(Dataset excerpts)
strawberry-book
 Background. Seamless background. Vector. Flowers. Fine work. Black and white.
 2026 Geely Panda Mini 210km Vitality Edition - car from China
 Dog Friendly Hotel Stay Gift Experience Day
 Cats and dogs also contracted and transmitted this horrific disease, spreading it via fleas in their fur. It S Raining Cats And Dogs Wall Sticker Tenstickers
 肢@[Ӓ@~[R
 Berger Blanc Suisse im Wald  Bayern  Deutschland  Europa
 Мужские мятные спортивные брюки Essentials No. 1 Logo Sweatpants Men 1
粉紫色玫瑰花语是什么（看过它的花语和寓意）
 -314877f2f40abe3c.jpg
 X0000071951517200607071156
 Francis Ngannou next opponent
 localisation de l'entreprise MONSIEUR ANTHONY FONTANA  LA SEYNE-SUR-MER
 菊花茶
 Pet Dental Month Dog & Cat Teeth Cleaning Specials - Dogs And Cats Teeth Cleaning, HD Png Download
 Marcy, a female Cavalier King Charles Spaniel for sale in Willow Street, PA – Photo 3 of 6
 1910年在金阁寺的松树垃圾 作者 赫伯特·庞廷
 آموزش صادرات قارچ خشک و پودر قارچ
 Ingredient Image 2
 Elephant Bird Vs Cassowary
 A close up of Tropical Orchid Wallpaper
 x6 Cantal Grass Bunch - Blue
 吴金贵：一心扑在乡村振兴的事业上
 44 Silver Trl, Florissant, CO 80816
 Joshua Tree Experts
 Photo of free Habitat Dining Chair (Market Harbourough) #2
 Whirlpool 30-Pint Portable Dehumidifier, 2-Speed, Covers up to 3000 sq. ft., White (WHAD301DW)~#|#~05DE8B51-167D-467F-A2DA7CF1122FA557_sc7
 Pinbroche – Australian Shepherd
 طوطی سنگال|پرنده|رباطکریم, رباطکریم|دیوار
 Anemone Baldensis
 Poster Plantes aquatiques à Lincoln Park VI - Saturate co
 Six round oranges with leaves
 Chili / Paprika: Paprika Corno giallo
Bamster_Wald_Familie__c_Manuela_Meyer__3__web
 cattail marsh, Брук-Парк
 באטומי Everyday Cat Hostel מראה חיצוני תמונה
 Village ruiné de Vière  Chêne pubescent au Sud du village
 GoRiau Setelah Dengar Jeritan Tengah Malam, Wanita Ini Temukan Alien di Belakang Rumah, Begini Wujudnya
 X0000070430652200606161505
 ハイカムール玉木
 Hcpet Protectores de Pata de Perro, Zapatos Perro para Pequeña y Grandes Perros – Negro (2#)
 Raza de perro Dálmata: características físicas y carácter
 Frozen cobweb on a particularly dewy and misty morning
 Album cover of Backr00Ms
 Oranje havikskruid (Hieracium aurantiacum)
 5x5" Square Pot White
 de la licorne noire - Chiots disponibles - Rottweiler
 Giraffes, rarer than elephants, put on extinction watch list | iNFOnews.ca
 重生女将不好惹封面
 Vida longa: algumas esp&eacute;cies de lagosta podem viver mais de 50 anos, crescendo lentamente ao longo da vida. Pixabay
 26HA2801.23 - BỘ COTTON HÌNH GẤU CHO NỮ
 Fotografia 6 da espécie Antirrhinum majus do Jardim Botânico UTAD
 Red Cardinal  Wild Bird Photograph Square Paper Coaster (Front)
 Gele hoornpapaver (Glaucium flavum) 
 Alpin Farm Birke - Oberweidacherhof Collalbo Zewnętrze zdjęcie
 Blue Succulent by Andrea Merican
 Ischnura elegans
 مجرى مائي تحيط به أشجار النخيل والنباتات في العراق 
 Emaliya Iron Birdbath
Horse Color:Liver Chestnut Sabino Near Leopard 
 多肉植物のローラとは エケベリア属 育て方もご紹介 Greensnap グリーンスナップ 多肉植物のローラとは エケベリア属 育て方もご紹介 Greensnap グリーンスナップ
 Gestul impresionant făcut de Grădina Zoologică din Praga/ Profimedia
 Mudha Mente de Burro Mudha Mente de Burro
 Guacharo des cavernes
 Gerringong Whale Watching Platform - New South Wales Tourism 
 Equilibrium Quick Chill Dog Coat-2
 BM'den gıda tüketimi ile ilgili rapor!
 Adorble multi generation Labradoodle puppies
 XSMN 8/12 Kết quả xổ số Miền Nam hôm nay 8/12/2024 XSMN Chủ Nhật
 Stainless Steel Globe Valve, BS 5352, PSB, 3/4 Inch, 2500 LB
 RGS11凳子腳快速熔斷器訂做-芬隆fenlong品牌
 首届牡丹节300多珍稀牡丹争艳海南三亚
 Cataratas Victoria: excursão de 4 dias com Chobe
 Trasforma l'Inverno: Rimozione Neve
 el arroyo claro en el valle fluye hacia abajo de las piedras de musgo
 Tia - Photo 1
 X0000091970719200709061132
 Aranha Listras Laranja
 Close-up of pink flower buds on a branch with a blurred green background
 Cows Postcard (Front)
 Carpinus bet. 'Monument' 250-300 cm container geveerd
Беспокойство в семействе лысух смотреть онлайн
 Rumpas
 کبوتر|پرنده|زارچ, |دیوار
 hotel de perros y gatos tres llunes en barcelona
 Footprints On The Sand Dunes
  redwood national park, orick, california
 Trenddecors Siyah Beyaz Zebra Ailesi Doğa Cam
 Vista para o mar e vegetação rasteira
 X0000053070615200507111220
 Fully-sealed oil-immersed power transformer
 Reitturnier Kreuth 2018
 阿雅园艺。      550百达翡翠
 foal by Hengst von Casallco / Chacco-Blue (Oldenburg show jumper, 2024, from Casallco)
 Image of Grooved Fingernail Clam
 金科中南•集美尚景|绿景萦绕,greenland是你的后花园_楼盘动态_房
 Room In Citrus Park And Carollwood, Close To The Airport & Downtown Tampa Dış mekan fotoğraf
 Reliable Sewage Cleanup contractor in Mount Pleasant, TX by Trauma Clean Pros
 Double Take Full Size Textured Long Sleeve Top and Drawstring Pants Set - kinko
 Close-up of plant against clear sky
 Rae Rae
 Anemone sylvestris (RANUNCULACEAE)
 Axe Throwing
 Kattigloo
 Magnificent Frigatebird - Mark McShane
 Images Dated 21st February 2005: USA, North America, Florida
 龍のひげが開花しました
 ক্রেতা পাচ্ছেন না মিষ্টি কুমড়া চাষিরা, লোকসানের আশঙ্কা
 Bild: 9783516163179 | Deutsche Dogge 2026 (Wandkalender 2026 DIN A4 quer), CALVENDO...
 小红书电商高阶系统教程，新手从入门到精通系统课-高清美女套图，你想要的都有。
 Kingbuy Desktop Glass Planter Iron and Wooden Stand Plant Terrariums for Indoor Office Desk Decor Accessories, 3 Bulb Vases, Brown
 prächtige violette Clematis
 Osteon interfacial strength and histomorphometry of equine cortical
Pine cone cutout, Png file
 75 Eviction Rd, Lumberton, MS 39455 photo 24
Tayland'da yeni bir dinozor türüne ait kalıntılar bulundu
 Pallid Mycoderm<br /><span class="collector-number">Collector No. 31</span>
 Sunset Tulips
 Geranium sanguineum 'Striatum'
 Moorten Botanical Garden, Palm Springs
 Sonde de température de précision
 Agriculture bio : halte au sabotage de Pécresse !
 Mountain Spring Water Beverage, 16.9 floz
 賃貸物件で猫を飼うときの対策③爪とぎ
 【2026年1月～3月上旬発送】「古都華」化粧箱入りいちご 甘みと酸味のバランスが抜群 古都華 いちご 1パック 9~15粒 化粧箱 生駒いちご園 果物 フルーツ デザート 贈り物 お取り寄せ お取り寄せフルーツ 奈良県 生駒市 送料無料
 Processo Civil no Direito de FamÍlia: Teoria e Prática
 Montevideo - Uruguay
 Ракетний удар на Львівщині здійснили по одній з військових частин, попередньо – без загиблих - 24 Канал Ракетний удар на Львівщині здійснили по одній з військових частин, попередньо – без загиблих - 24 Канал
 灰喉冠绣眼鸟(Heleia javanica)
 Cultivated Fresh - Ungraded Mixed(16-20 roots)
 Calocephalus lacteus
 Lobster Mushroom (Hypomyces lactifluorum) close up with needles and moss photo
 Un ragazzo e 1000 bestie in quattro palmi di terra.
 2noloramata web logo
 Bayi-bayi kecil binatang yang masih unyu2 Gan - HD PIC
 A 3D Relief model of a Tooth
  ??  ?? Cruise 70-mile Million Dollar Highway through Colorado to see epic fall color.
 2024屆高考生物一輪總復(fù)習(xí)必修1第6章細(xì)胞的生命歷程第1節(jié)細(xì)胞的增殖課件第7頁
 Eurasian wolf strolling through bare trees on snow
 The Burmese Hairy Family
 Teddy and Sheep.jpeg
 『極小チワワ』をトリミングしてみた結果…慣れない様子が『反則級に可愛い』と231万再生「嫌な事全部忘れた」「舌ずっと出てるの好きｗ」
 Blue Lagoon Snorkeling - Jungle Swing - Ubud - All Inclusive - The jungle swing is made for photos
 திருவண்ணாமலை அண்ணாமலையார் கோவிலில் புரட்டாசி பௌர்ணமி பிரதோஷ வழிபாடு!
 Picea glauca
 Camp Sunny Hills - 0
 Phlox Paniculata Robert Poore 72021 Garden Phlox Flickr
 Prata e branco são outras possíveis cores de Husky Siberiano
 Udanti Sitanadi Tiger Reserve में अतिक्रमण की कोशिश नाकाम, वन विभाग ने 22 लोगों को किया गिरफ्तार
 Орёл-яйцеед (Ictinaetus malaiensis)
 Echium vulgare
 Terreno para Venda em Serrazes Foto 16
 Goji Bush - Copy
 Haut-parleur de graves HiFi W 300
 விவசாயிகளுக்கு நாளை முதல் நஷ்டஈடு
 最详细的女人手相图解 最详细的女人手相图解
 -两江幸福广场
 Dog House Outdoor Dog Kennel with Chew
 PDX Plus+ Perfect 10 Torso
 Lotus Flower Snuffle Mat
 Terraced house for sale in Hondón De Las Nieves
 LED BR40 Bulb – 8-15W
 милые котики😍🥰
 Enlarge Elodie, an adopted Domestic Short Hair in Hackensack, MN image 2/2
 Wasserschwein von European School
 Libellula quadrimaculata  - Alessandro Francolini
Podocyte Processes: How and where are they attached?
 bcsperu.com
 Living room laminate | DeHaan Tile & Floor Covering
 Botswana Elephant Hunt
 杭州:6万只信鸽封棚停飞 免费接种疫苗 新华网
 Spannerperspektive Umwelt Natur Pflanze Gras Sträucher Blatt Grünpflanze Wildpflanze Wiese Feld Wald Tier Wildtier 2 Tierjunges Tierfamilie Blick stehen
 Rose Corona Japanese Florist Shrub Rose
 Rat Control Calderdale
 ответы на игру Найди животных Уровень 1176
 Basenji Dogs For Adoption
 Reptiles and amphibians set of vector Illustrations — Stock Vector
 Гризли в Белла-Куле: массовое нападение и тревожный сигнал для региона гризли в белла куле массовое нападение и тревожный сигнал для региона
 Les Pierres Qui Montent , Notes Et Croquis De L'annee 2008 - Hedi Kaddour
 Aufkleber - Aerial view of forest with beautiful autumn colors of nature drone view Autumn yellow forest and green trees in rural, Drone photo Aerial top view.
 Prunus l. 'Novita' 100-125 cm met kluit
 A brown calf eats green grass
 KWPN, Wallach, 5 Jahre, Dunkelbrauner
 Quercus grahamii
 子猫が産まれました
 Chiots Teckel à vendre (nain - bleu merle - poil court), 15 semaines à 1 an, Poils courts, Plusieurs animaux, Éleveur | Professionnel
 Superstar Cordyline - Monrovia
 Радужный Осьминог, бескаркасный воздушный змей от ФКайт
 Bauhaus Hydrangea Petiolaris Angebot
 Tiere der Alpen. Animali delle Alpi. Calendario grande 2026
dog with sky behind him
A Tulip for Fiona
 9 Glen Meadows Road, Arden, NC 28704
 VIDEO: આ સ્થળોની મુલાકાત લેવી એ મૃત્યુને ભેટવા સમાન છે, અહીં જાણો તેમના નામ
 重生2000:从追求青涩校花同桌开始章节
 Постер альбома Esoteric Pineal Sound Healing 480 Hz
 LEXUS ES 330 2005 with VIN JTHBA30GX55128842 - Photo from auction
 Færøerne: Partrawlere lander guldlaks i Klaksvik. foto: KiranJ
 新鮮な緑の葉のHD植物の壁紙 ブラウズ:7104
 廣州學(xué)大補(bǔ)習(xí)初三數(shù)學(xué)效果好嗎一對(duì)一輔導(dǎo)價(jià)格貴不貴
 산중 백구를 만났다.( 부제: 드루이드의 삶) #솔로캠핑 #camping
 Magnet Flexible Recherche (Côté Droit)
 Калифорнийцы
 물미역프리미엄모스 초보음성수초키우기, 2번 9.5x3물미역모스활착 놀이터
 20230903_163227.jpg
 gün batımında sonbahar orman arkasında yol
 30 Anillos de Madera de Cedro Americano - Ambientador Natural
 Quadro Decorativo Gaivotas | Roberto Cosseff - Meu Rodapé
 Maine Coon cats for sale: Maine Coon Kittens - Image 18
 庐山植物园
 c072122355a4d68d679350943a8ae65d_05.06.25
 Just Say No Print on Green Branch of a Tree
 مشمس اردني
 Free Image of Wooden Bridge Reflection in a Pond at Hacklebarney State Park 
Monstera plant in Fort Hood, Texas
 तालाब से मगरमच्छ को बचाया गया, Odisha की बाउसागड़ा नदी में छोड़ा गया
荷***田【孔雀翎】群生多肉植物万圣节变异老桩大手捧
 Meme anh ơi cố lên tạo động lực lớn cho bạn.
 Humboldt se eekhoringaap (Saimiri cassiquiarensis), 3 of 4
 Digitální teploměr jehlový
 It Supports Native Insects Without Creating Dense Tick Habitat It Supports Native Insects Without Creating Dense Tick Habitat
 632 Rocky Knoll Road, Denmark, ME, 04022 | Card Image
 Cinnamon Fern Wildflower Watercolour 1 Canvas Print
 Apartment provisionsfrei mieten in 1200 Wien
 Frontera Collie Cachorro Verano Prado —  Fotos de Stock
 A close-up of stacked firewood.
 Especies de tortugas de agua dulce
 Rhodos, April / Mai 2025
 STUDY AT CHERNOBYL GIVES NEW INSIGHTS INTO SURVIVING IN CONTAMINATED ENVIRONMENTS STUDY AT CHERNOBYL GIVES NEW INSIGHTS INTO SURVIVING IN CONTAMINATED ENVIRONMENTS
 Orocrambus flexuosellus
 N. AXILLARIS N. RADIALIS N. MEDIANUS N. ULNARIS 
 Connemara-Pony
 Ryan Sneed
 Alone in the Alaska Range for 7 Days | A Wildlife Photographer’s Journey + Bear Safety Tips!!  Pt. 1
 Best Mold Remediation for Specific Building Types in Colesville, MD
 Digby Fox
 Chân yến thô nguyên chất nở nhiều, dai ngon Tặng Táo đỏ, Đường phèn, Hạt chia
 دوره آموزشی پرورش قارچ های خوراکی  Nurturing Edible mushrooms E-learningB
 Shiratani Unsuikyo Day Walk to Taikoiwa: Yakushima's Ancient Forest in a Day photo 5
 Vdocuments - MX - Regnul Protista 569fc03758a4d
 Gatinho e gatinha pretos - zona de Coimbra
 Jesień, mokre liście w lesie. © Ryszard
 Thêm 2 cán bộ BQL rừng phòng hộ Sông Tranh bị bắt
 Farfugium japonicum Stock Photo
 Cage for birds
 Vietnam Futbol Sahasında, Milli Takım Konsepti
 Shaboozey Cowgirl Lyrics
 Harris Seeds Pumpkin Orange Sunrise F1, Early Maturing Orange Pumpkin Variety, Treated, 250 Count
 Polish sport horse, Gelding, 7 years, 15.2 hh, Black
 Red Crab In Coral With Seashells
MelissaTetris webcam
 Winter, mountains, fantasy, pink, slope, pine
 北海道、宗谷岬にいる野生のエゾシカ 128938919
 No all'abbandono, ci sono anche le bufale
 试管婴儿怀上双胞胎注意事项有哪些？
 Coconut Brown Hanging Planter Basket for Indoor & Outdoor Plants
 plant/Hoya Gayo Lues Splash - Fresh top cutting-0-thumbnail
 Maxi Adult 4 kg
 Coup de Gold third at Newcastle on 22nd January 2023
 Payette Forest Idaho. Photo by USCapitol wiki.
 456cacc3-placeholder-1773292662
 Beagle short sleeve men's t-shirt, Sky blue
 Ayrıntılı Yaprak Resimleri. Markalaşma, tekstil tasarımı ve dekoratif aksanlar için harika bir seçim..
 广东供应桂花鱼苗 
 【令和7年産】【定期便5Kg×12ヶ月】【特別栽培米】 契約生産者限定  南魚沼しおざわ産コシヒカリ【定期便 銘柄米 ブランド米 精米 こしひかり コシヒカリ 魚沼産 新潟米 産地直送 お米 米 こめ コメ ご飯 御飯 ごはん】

Problem description: Show the lines of the data that hold the word "pink".

Response area:
 Close-up of pink flower buds on a branch with a blurred green background
 Winter, mountains, fantasy, pink, slope, pine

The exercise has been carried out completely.